Strive Asset Management has introduced its second ETF, a broad US large-cap equity fund that carries the firm’s hallmark anti-ESG disposition.
The Strive 500 ETF (STRV US) has been listed on NYSE Arca with an expense ratio of 0.0545%.
The fund is linked to the Solactive GBS United States 500 Index which consists of the 500 largest stocks listed in the US weighted by float-adjusted market capitalization.
STRV’s plain vanilla reference index and competitive expense ratio make it a reasonable alternative to well-established US large-cap equity ETFs such as the $350 billion SPDR S&P 500 ETF Trust (SPY US), which has an expense ratio of 0.0945%, or the $290bn iShares Core S&P 500 ETF (IVV US) and $260bn Vanguard S&P 500 ETF (VOO US), both of which are priced at 0.03%.

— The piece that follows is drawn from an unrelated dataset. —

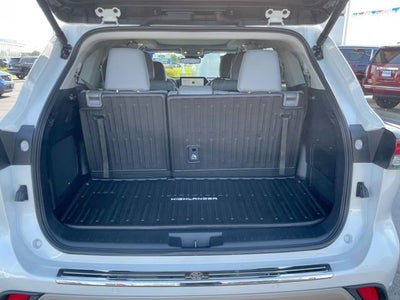 2025 Toyota Highlander Platinum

Where Strive aims to stand apart from its competitors, however, is through its corporate governance practices, including voting proxy shares and proactively engaging with management teams and boards.
Delivering a ‘post-ESG’ mandate, Strive aims to unlock value across all corporations in STRV’s portfolio by mandating companies to focus on profits over politics.
The fund has come to market approximately one month after Strive debuted its first anti-ESG ETF – the Strive US Energy ETF (DRLL US). DRLL provides broad exposure to the US energy sector while voting proxy shares and proactively engaging with management teams and boards to help firms “maximize long-run profits over short-run social fads.”
Despite having an expense ratio of 0.39%, which is relatively expensive for a broad US energy fund, DRLL has had a successful debut with its assets under management approaching $350 million, a sign that Strive’s anti-ESG ethos has chimed with some investors.